In February of 2010, Scientific Blogging, the flagship of Science 2.0, will turn 3 years old.   Yep, you all are getting old.   But by then it will have changed, even from what it looks like now (more on that in November).

Nothing on the internet ever goes away, they say, but if you use the legendary Wayback Machine at web.archive.org, you won't find much on us.    Not on any of their dates.   They think we looked like this:



Well, it was slightly better than that.   Yes, we didn't have customized logos for important holidays and events yet, but we had something.   I do agree we had not truly arrived until we had a special logo for National Chicken Month:



Why bring this up?

The Telegraph in the UK did their own Wayback Machine article, showing what 20 well-known brands first looked like when they began.  It has the usual suspects; Google, Facebook, Drudge Report, and they used the Wayback Machine, but those versions came out a lot better.   
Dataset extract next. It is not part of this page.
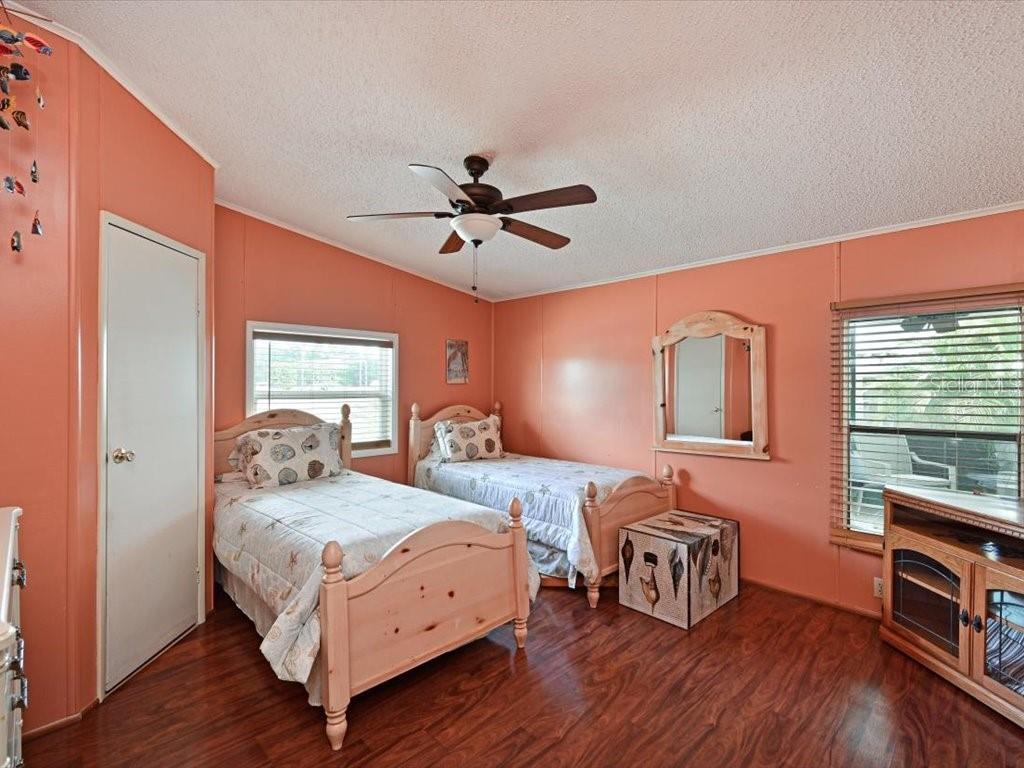 Image 16 of 31 For 8400 Princess Court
Obviously I have backups but it's a lot of work to load them for a blog post.  Fortunately, we have sites out there that have preserved our site for us, mostly by violating our copyright, but students and a sense of entitlement are nothing new so we'll let that go for now.  
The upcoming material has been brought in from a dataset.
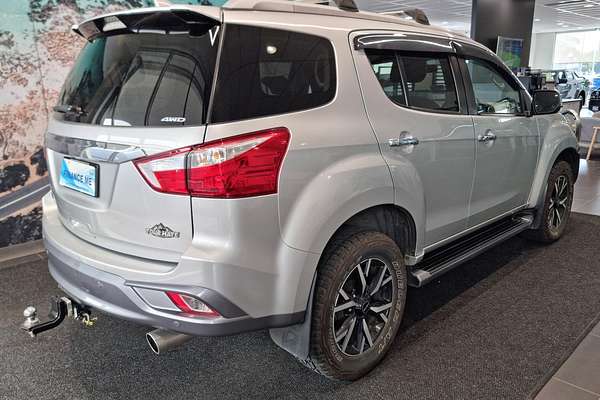 2019 Isuzu MU-X LS-T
The Information Sciences Institute at USC - you've heard of USC, it's UCLA for rich kids - was kind enough to copy our site because we ran an article on their cool configurable robots - "Real Life Transformers" (though we apparently lost the article in some programming snafu and had to recover it without the comments) and they wanted to use it in their 'in the news' section.    It was nifty, though I imagine Associated Press will have a tort field day if they do it to them.   So this is what our site looked like in Feb 2007, though they seemed to have kept the feed running for a while after that because some of the articles are from later that summer - then they must have shut it off.

But the logo was from the alpha phase in 2006, not 2007, so not sure how that happened.   



They even copied the Google ad we had in place for testing.   Back then we were experimenting with the idea of having articles go up and down on the front page by member votes rather than popularity.   A module we use again for our university writing contest going on now.

They even were kind of enough to keep intact our rarely seen Cartoon Physics section:



So, thanks USC!  Sorry if I sounded snarky, I am actually quite happy you did this.   We like you more than we like Harvard, if that helps, though Oregon is going to mop the floor with your football team this year.